◆ Extracted material ◆
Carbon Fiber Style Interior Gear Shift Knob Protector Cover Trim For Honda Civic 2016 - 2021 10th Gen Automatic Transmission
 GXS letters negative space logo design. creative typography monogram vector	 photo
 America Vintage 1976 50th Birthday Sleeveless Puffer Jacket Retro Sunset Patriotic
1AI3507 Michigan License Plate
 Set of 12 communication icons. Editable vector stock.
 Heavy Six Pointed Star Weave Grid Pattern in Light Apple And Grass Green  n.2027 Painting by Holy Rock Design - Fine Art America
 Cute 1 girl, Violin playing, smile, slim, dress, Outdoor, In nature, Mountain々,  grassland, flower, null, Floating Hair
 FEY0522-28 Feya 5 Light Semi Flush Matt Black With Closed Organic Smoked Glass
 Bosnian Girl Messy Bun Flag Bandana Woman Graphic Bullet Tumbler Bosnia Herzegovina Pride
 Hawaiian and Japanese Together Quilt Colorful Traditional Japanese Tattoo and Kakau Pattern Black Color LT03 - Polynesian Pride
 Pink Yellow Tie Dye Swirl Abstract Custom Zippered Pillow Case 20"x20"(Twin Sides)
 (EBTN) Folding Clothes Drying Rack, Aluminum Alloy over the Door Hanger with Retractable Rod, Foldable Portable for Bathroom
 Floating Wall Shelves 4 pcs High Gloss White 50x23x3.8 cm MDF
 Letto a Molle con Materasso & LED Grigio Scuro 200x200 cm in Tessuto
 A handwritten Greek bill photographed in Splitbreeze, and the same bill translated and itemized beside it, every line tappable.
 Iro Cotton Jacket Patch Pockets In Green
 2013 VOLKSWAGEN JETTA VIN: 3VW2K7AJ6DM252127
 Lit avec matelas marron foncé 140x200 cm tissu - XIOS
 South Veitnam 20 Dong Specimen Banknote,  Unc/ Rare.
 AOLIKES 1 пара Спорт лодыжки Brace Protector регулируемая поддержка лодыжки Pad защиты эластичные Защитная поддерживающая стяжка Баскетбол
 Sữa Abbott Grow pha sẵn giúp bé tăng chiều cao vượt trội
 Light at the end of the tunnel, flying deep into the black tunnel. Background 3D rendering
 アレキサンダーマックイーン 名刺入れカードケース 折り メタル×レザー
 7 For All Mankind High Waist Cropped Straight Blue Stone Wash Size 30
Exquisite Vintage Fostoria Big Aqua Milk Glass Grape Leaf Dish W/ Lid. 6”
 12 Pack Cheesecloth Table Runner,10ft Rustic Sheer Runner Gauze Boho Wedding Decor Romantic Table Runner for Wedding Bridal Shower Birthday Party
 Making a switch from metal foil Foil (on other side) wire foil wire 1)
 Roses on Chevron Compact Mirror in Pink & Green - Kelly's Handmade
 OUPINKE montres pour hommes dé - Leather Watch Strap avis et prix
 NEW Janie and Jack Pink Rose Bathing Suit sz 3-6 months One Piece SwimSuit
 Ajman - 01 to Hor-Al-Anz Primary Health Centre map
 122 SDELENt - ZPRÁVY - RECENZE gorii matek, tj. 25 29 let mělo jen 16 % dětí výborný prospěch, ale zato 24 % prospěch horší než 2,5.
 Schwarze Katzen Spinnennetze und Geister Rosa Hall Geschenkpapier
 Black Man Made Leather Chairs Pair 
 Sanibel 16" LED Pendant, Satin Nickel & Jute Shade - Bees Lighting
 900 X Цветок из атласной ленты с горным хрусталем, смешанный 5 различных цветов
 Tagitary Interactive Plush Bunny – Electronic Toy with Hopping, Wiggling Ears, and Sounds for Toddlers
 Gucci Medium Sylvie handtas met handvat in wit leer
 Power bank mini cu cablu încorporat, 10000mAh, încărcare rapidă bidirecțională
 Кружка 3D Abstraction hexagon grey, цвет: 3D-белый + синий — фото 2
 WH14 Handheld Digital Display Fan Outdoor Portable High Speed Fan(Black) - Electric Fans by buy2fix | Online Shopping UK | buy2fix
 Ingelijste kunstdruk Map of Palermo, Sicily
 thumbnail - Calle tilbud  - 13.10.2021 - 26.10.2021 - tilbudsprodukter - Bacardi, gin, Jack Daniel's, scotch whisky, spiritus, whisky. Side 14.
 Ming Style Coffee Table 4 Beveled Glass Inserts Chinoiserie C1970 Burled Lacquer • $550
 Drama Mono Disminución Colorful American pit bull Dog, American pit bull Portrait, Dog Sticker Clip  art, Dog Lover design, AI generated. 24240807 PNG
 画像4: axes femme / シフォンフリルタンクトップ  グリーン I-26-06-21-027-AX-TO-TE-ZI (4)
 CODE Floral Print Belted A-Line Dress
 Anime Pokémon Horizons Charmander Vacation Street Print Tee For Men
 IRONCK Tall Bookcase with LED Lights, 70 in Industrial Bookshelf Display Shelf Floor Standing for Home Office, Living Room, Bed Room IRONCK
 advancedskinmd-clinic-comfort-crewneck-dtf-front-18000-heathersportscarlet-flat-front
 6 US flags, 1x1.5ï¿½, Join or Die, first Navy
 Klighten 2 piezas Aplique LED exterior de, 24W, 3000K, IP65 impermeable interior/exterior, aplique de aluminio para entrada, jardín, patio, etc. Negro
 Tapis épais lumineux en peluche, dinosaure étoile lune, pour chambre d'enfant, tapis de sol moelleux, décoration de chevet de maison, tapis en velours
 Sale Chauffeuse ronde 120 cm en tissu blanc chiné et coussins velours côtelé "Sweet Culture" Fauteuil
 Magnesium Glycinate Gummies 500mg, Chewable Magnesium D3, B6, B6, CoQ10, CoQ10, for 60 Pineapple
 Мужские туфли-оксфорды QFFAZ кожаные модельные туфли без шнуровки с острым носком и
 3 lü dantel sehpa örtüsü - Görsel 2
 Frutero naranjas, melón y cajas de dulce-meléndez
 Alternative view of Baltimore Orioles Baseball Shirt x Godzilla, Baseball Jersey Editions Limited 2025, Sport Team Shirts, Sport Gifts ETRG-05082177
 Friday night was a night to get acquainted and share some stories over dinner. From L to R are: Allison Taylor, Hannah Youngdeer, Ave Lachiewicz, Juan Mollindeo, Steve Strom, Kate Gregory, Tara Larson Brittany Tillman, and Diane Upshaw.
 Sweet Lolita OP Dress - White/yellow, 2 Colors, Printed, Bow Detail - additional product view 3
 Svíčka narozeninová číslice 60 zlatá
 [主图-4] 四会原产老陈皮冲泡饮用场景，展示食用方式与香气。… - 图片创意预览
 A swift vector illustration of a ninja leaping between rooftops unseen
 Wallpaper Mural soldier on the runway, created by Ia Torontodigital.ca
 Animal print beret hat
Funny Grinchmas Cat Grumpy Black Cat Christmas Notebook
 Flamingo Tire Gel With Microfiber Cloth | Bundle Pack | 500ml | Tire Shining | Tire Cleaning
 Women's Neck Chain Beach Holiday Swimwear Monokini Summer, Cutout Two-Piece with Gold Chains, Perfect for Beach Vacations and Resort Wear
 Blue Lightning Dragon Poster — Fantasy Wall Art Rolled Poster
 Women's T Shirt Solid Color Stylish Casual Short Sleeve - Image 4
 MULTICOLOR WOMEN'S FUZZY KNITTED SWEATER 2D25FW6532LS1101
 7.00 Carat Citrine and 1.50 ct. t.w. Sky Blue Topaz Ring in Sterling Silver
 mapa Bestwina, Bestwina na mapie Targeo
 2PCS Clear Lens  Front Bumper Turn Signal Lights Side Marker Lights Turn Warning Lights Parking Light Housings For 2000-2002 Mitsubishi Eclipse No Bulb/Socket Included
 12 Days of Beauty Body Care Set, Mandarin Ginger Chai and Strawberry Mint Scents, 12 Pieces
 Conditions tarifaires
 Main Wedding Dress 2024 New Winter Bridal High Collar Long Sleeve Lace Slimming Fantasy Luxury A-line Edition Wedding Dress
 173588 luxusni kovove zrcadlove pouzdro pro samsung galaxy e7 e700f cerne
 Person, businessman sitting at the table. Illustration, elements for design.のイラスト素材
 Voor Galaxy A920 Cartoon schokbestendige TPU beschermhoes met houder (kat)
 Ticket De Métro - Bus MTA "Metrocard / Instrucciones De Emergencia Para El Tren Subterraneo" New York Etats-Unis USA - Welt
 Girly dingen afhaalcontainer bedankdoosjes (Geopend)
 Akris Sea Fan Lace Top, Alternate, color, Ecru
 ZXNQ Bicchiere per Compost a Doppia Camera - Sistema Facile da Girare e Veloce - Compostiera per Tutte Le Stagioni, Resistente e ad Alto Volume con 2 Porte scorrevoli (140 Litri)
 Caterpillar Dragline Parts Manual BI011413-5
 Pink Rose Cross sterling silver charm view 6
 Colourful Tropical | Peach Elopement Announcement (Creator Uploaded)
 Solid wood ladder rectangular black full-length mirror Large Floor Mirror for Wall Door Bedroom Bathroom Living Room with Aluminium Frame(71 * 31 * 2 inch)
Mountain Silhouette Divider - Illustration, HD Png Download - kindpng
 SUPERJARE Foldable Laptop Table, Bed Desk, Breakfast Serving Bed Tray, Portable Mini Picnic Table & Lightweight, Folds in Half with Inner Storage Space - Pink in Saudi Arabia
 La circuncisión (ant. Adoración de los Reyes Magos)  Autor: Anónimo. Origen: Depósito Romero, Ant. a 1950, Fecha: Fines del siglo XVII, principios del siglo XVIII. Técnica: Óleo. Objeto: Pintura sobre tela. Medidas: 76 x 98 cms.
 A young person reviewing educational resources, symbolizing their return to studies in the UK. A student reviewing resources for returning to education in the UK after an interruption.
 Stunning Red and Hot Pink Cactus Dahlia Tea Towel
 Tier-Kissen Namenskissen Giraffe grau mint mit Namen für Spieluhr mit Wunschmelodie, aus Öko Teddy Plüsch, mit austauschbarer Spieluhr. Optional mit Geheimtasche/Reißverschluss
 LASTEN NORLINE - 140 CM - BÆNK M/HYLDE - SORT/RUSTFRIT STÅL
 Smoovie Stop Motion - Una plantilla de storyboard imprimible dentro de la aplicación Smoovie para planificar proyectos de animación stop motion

◆ What to work on ◆
Every line from the first entry to the line containing "Floating Wall Shelves" should be transcribed exactly, and nothing beyond it.

◆ Solution for this exercise ◆
Carbon Fiber Style Interior Gear Shift Knob Protector Cover Trim For Honda Civic 2016 - 2021 10th Gen Automatic Transmission
 GXS letters negative space logo design. creative typography monogram vector	 photo
 America Vintage 1976 50th Birthday Sleeveless Puffer Jacket Retro Sunset Patriotic
1AI3507 Michigan License Plate
 Set of 12 communication icons. Editable vector stock.
 Heavy Six Pointed Star Weave Grid Pattern in Light Apple And Grass Green  n.2027 Painting by Holy Rock Design - Fine Art America
 Cute 1 girl, Violin playing, smile, slim, dress, Outdoor, In nature, Mountain々,  grassland, flower, null, Floating Hair
 FEY0522-28 Feya 5 Light Semi Flush Matt Black With Closed Organic Smoked Glass
 Bosnian Girl Messy Bun Flag Bandana Woman Graphic Bullet Tumbler Bosnia Herzegovina Pride
 Hawaiian and Japanese Together Quilt Colorful Traditional Japanese Tattoo and Kakau Pattern Black Color LT03 - Polynesian Pride
 Pink Yellow Tie Dye Swirl Abstract Custom Zippered Pillow Case 20"x20"(Twin Sides)
 (EBTN) Folding Clothes Drying Rack, Aluminum Alloy over the Door Hanger with Retractable Rod, Foldable Portable for Bathroom
 Floating Wall Shelves 4 pcs High Gloss White 50x23x3.8 cm MDF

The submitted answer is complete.